Darum trennt sie sich schweren Herzens von ihrem Freund, der ein hervorragender Schütze ist, was kaum jemand weiß. Noah möchte jedoch seine Liebe zu Camilla nicht so leicht aufgeben. Er lernt eine ältere Witwe kennen, die ihm ein zweifelhaftes Angebot macht.

Camilla und Noah sind die beiden Hauptfiguren im Roman „Wut und Liebe“ von Martin Suter. Der Autor vermittelte mir fortwährend das Gefühl, dass seine Protagonistin und sein Protagonist nicht voneinander lassen können. Camillas Beweggrund, die Beziehung zu beenden, ist wohlüberlegt.

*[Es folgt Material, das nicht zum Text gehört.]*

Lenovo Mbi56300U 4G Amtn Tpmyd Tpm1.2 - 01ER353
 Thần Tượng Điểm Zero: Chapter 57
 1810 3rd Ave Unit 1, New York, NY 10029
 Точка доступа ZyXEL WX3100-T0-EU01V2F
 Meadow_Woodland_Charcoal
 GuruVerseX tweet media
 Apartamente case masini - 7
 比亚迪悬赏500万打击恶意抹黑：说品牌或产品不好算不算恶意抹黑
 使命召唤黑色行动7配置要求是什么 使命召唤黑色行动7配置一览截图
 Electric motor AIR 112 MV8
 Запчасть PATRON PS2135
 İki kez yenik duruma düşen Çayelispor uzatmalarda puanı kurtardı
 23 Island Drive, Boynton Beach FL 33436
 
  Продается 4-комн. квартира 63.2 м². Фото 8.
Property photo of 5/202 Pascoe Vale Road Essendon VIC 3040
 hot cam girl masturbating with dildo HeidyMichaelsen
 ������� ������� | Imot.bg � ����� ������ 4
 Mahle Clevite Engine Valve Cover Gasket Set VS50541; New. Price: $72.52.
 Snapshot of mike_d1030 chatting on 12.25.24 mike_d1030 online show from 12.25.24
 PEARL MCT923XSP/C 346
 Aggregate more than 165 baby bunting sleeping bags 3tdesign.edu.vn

Ich wusste nicht, ob ich Camilla für den Mut, ihr Leben auf diese radikale Art mit weitreichenden Konsequenzen zu verändern, verachten oder bewundern sollte. Gleichzeitig hatte ich Mitgefühl für Noah. Aufgrund der Trennung steht sein Ziel, Anerkennung in der Kunstszene zu finden und damit Verkäufe zu generieren, auf dem Spiel. Aber ist er wirklich nur ein Bauernopfer in Camillas Plänen? Er weiß: „Wenn er wieder in seinen gelernten Beruf als Grafiker zurückkehrt, wird er nicht genügend Arbeitszeit aufbringen können, um seine angestrebte Karriere voranzutreiben. Bei mir verlor er Sympathiepunkte, weil er ernsthaft darüber nachdenkt, das unmoralische Angebot anzunehmen.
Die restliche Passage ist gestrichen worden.